Why Competition Holds the Key to a Broken Broadcast System

As the Canadian Radio-television and Telecommunications Commission concludes its hearing on the consolidation of the Canadian communications market into a handful of corporate giants (so-called vertical integration) and embarks on a “fact-finding exercise” on the impact of online video services (today is the submission deadline), my weekly technology law column (Toronto Star version, homepage version) notes the only obvious conclusion from the hundreds of submissions and hours of debate is that Canada’s broadcast law framework is broken.

The Commission’s struggle to make sense of the changing corporate and technological landscape – alongside lobbying for new industry codes of practice and Internet regulations – is rooted in a regulatory framework premised on scarcity rather than abundance. When the law was crafted, broadcasters occupied a privileged position, since the creation of video was expensive and the spectrum needed to distribute it scarce. As a result, the government established a licensing system complete with content requirements and cultural contributions designed to further a myriad of policy goals.

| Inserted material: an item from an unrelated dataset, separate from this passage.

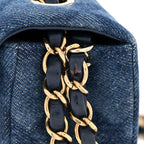 Printed Denim Quilted Mini Rectangular Flap Dark Blue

Yet among the more than 40 policy goals found in the current Broadcasting Act, the word “competition” does not appear once. The absence of competition may have made sense when there was little of it, but in today’s world of abundance featuring a seemingly unlimited array of content and distribution possibilities, fostering competition among broadcasters and broadcast distributors such as cable and satellite companies might hold the key to reforming the system.

What might a competition-focused broadcast policy look like?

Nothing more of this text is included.